There also were signs of “the reinscription of Russian territory as non-Western space”: the gala showcased only domestic composers, with the exception of Ludwig Minkus, who spent a third of his life in Russia composing for the Bolshoi ballet. Though streamed onto dozens of big screens outside of Russia, the ceremony was largely a domestic affair. No A-list international celebrities seemed to have been in the audience. The biggest-name performer billed for the opening, Plácido Domingo, cancelled due to a scheduling conflict, and even David Hallberg, the first American ever to be a principal at the Bolshoi, didn’t take the stage. With the exception of three guest sopranos, the two-hour gala was pretty much an all-Russian affair.

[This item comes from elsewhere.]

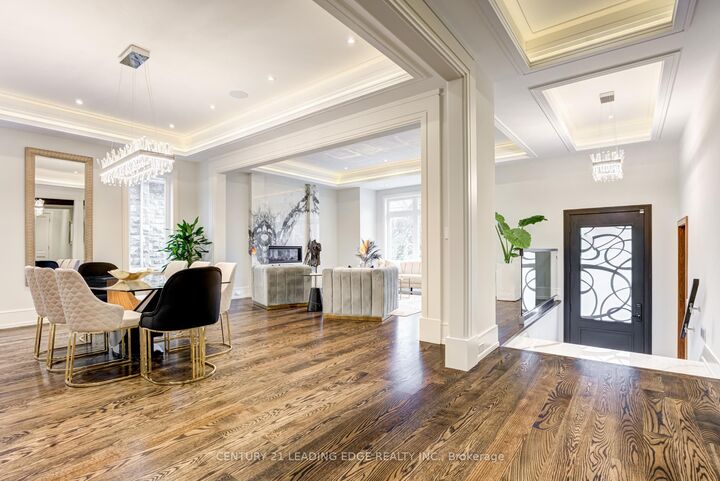 Photo de la propriété:  179 Burndale Avenue  ON M2N 1T1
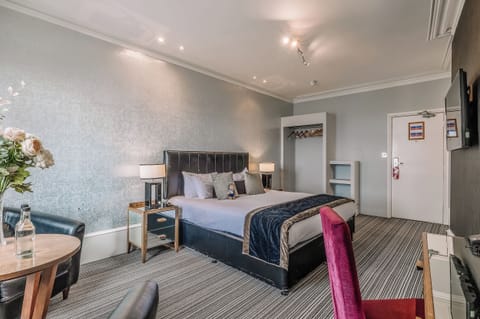 Lounge comfortably with extra space for luggage and longer stays.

One can only hope, in Russia and in the West, that the imperial music was chosen to glorify the theater as the national symbol rather than the current Russian autocrats, and that the regal gold and red of the theater’s interior won’t be enjoyed only by the country’s new aristocracy. But the tickets are now available only through scalpers who are alleged to give kickbacks to the theater administration. The danger, then, still remains for the Bolshoi to turn into another well-known Russian “national brand”—a Potemkin village.